「もの忘れ」は認知症?

加齢と共に「もの忘れ」がでてきます。多くの人が認知症では?と心配されて来院されます。認知症は、介護保険法で「アルツハイマー病その他の神経変性疾患、脳血管疾患その他の疾患により日常生活に支障が生じる程度にまで認知機能が低下した状態として政令で定める状態」となっています。つまり、もの忘れだけでは、そもそも認知症とは言えないのです。認知症の診断基準も、もの忘れ(記憶障害)があり、さらに言語障害(失語)、麻痺はないのに運動機能が障害(失行)、感覚機能の障害がないのに対象を認識できない(失認)、段取りが悪い(実行機能障害)という障害が1つ以上あり、これらにより日常生活に支障が出ている状態と定義されています。

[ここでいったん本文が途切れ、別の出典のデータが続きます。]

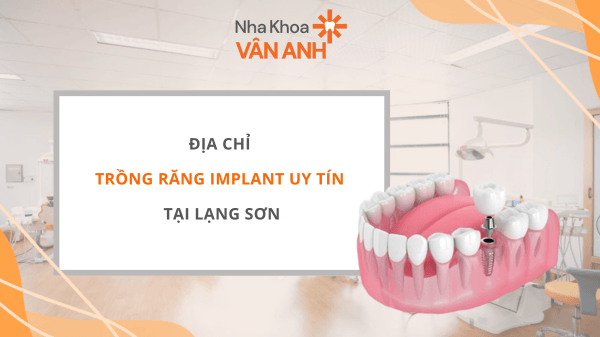 Địa chỉ trồng răng Implant uy tín tại Lạng Sơn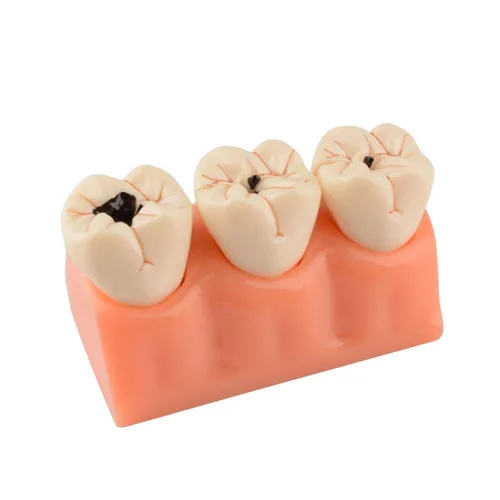 Vista 2 de Modelo de dientes de caries dentales 4 veces modelo de caries dental Caries Comparación bilateral Modelo de patología Dientes para suministros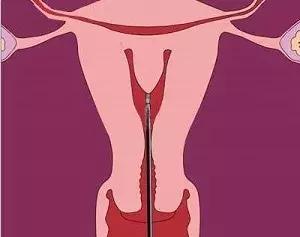 妈妈怀孕时“偷了一下懒”，从此你的子宫多了一坨肉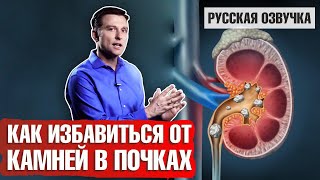 Камни в почках: Как избавиться? (русская озвучка)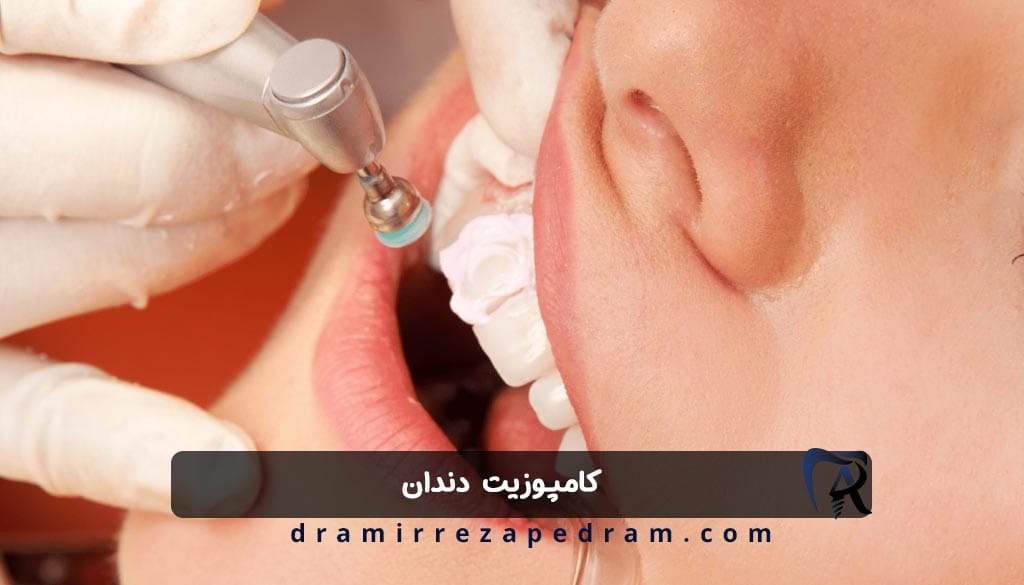 کامپوزیت دندان در ستارخان تهران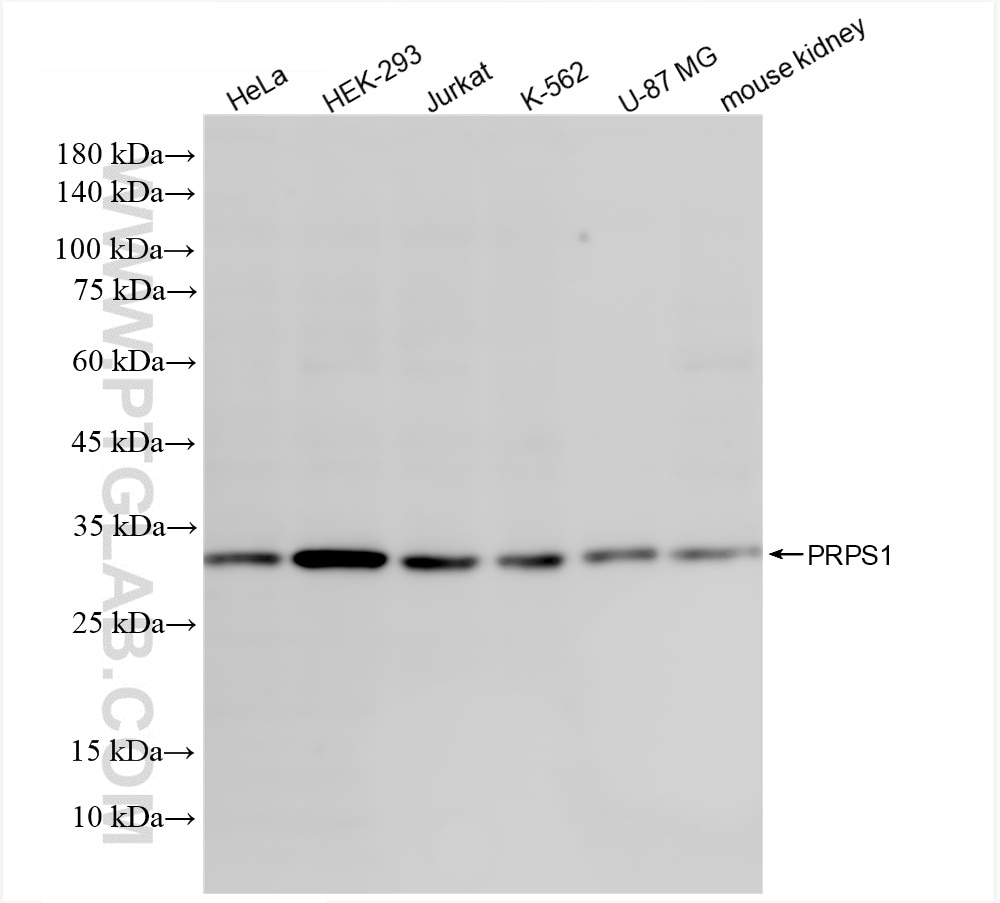 Western Blot (WB) analysis of various lysates using PRPS1 Recombinant antibody (86217-1-RR)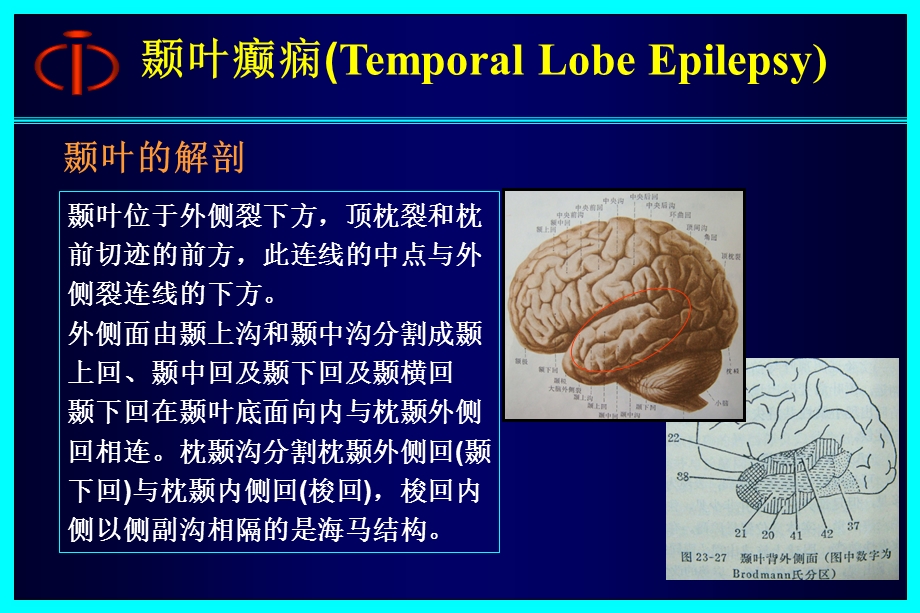 颞叶癫痫ppt课件.ppt_第3页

MRIなどの画像診断では早期ですと異常が無いことも多く、同居されているご家族からもお話をきかないとはっきり診断できません。また、認知症で内服治療が開始されますと、道路交通法により車の運転免許を返納しないといけません。ただ心配だからとか早めに検査だけでもというお気持ちは理解できますが、お一人で来院されないようお願いいたします。

大病予防は、生活習慣病予防から

生活習慣病とは、「食習慣、運動習慣、休養、飲酒などの生活習慣が、その発症・進行に関与する疾患群」と定義されています。以前は、「成人病」という名称でした。具体的には、高血圧症、糖尿病、高脂血症といった疾患が生活習慣病という事になります。脳卒中や心筋梗塞にならないために、生活習慣病の管理が非常に重要です。

運転免許と認知症

高齢者の交通事故が非常に増えました。アクセルとブレーキの踏み間違いや高速道路の逆走など、多くが認知症高齢者によるものです。道路交通法が改正され、免許更新時や交通違反のあった時に認知症が疑われると、医療機関で検査を受けないといけません。認知症と診断されると運転免許は取消処分になります。諸検査をしても、「正常とは言えないが、認知症とまでは言えない」という状態の方がいます。この状態が軽度認知障害です。軽度認知障害の方のほぼ半数が、その後認知症に移行すると言われています。地方は、公共交通機関が都市部ほど充実しておらず、高齢者の移動手段と運転免許は、抱え続けるジレンマです。